According to a report by United States-based research house Thomson Financial, the value of announced deals in New Zealand rose 10.9 per cent in 2006 to US$14.2 billion ($20.4 billion).
The deals were, on average, smaller than the previous year with the number of deals rising 27 per cent to 456.
The most active sector of the economy for mergers and acquisitions was industrials with 21.8 per cent market share. It accounted for US$3.1 billion of the total volume.
The New Zealand deals came as global merger activity reached a record US$3.8 trillion ($5.5 trillion), a 37.9 per cent increase over the previous year's value.
While private equity firms helped drive the increase overseas, accounting for about one-fifth of the deals announced globally, they were less in evidence in New Zealand.
The biggest deal announced last year was Graeme Hart's Rank Group's December offer of US$2.1 billion for Swiss-based packaging group SIG Holding.

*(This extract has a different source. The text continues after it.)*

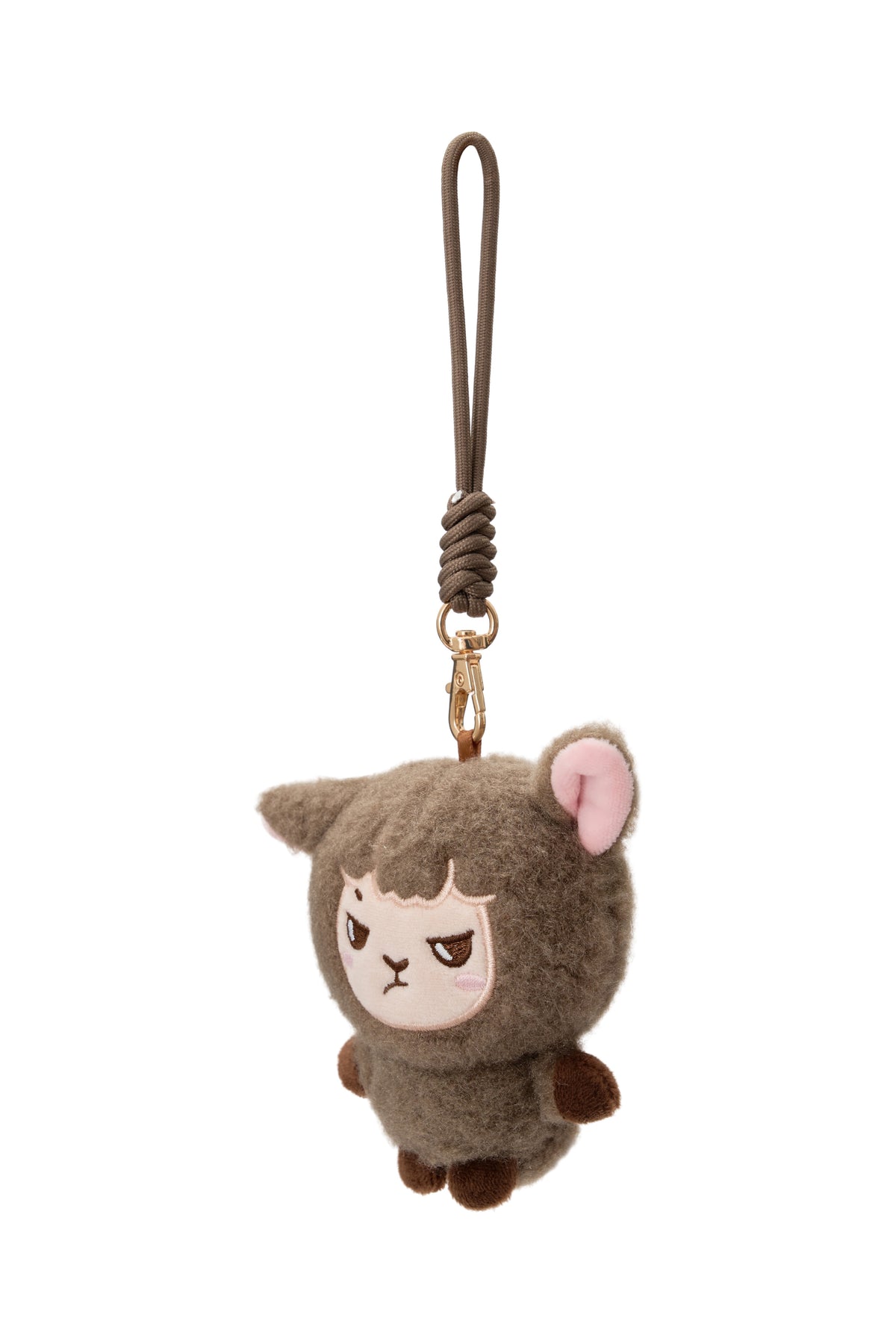 Alpakiino Emotion Cache plush pendant in Dark Brown, side view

The largest deal completed during the year also involved Rank Group which paid US$1.006 billion for the 42.4 per cent stake in Burns Philp it did not own.
Close behind was the US$992 million US timber investor Hancock Natural Resources purchase of Carter Holt Harvey's forest estate. Carter Holt Harvey was also controlled by Mr Hart.
Australian companies and funds led the buyers in New Zealand's merger and acquisition activity as they accounted for US$3.8 billion of the value. Domestic investors were second most active with deals valued at US$3.1 billion.
Credit Suisse topped the financial adviser ranking of announced deals with 11 worth US$5.6 billion followed by UBS and Goldman Sachs with US$3.3 billion and $3 billion.
Credit Suisse also topped the completed deals ranking with seven worth US$2.8 billion.